Workarounds are available:
- Use multiple independent name nodes sharing the same data nodes (i.e. machines physically hosting the data on their disks). This requires some partitioning logic on the client side, so that the client knows which name node to check for a particular file.
- Coalesce multiple files into a single Hadoop file, using HAR, sequence files or HBase. Each one of these has its limitations and won't suit every use case. I'll present them shortly.
What happens if you have too many files? Name node process starts using excessive amounts of memory. High memory usage may decrease service responsiveness, and in extreme cases will cause it to quit completely.
Hadoop archive (HAR) files
HAR files are archives containing a small filesystem. The files and directories in a HAR archive are readable using the same interfaces as regular Hadoop files. HAR files are created by running a mapreduce job over a set of files and directories in HDFS. Once created, the archives are immutable.

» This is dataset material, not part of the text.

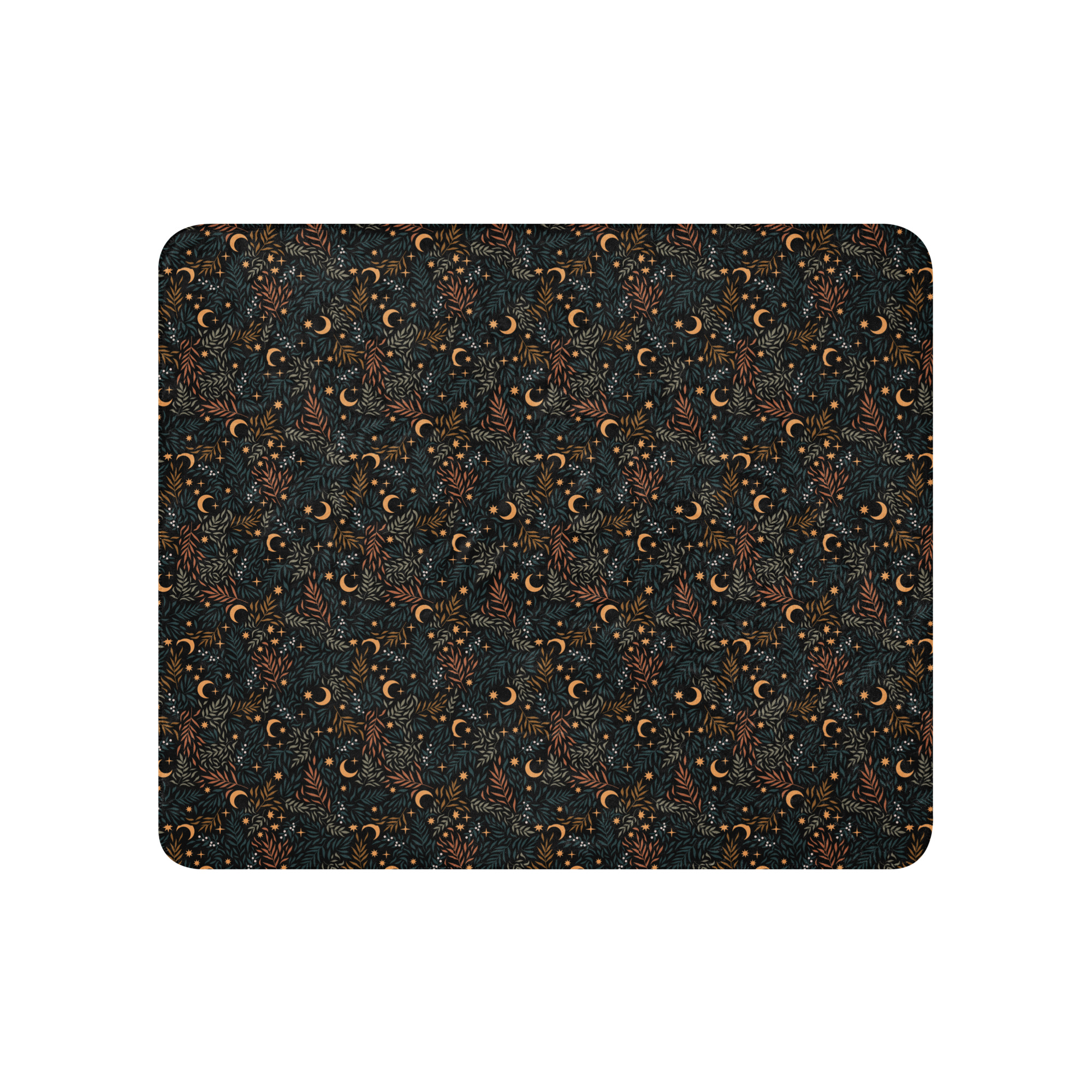 Moon and stars Sherpa blanket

For our use case HAR files were not a good fit for a few reasons. One, we add files one at a time, so we would need to run the archive process on schedule. We also support random file lookup by ID, so we would need to update file location for all files once the archive process is complete. Another reason is, HAR files are immutable, and we update files quite a lot. We would need another process to periodically purge outdated file revisions by unpacking and repacking the archives. Both are doable, but require additional coding. We decided to explore the other alternatives first.
Sequence files
Sequence files store data as a list of key/value pairs. It is possible to append new values to the end of an existing sequence file, so new data could be immediately stored to its final location. The main drawback of sequence files is, the files have to be read sequentially. In other words, to locate a document by ID in a sequence file we would potentially need to read all of the file. Since random access times are important to our use case, sequence files were not an option.
HBase
HBase is a key/value store system using Hadoop for data storage. Like sequence files, HBase also stores data as a list of key/value pairs. Like HAR files, HBase also indexes its content allowing for fast random access. It also handles all insert/update/delete operations transparently to the user, repacking its store files behind the scenes. HBase makes good use of HDFS by creating large files and appending to them whenever it makes sense, so the small files problem usually does not apply. Configuring HBase for optimal performance is not a trivial task, but when done well, HBase is also very fast, with one exception. Data read operations are non-streaming, so retrieving a value takes time proportional to its size. With 1GBps network adapter I got average response time of 100ms for 1 MB file, but an entire second for a 30MB file.
HBase/HDFS hybrid
With all of the above in mind, hybrid storage with small files stored in HBase and large files stored in HDFS may or may not be a good option; storing small files in HBase avoids the small files problem, and storing large ones in HDFS avoids increasing latency. The appropriate cutoff size depends on the data being stored, with lower cutoff demanding for more expensive name node hardware and higher resulting in worse latency for mid-sized files.